International career
- 2011: Switzerland U15 / 4 / (1)
- 2011–2012: Switzerland U16 / 7 / (3)
- 2012–2013: Switzerland U17 / 6 / (2)
- 2013–2014: Switzerland U18 / 4 / (1)
- 2014–2015: Switzerland U19 / 8 / (1)
- 2015–2016: Switzerland U20 / 2 / (0)

= Robin Kamber =

Swiss footballer (born 1995)

Robin Kamber (born 15 February 1995) is a Swiss professional footballer who plays as a midfielder for 1. Liga Classic club YF Juventus.

==Club career==
Kamber spent his youth career at Basel and for a short time at Red Bull Salzburg. Kamber was a part of Basel's 2013–14 UEFA Youth League campaign, where he scored against Chelsea in a home match. In February 2015, he moved from Basel U21s to Servette and there, on 4 March 2015, he made his debut for the first team in the away game against Lausanne-Sport. He came on in the 64th minute for Alexandre Pasche. He scored his first goal for Servette in the 1–0 away win over Biel-Bienne, when he scored the winning goal shortly before the final whistle. At the end of the season, he came to a total of 14 appearances and three goals.

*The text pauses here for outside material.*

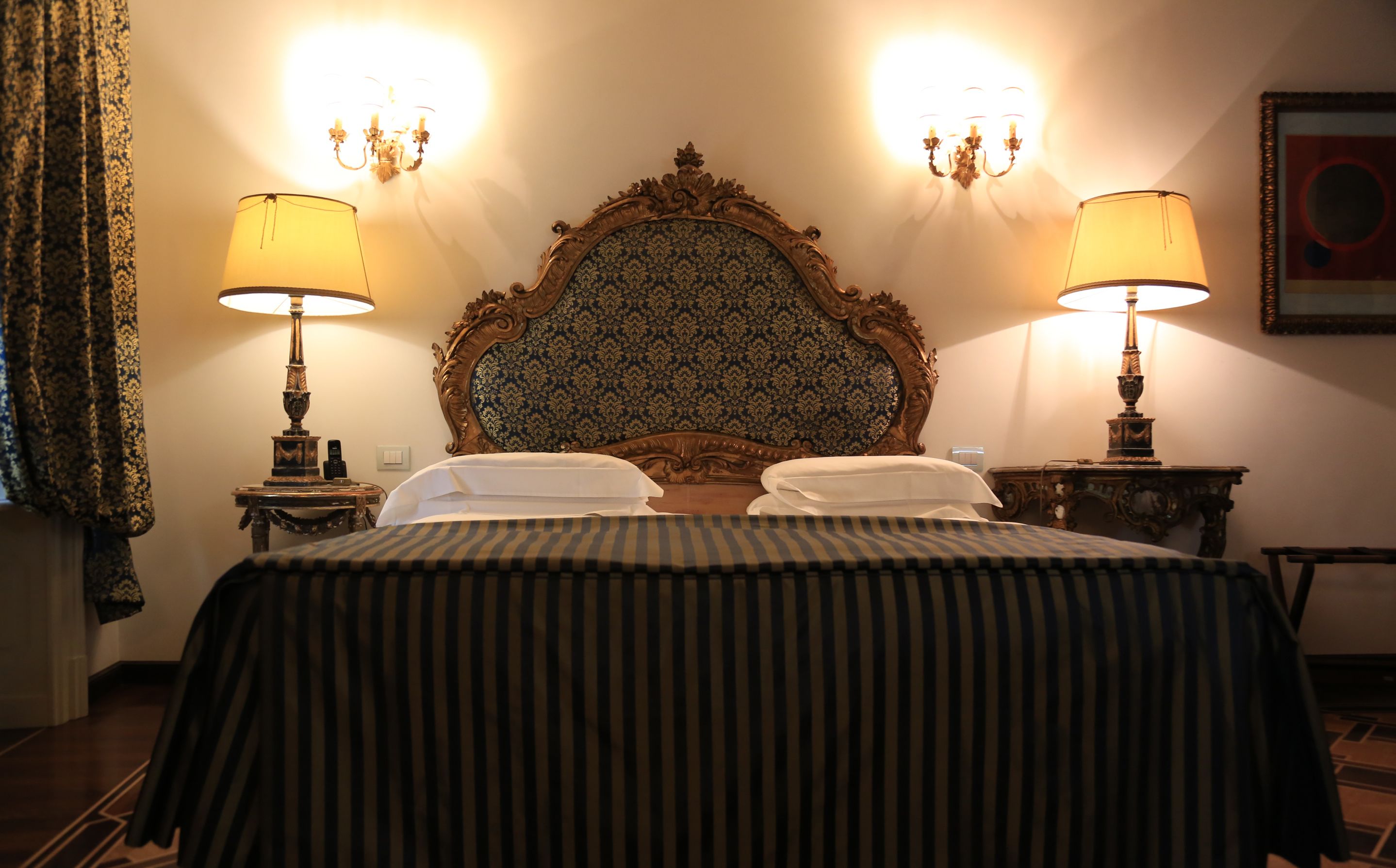 Minibar, coffres-forts dans les chambres, lits bébé (en supplément)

After his loan at Servette ended on 30 June 2015, Kamber joined Vaduz, signing a contract for three years until 30 June 2018. He made his debut on matchday 4 against FC Sion, where he came on as a substitute for Markus Neumayr. On 4 May 2016, he and his team won the Liechtenstein Football Cup, following a 11–0 final victory against Schaan. For the 2016–17 season, Kamber moved on loan to Winterthur in the Challenge League.

On 11 January 2022, Kamber signed with Lausanne-Ouchy.

On 16 August 2022, Kamber moved to Poland to join Ekstraklasa side Górnik Zabrze on a two-year contract with an extension option. He left the club by mutual consent on 25 March 2023.

On 1 July 2023, Kamber signed with Schaffhausen on a free transfer.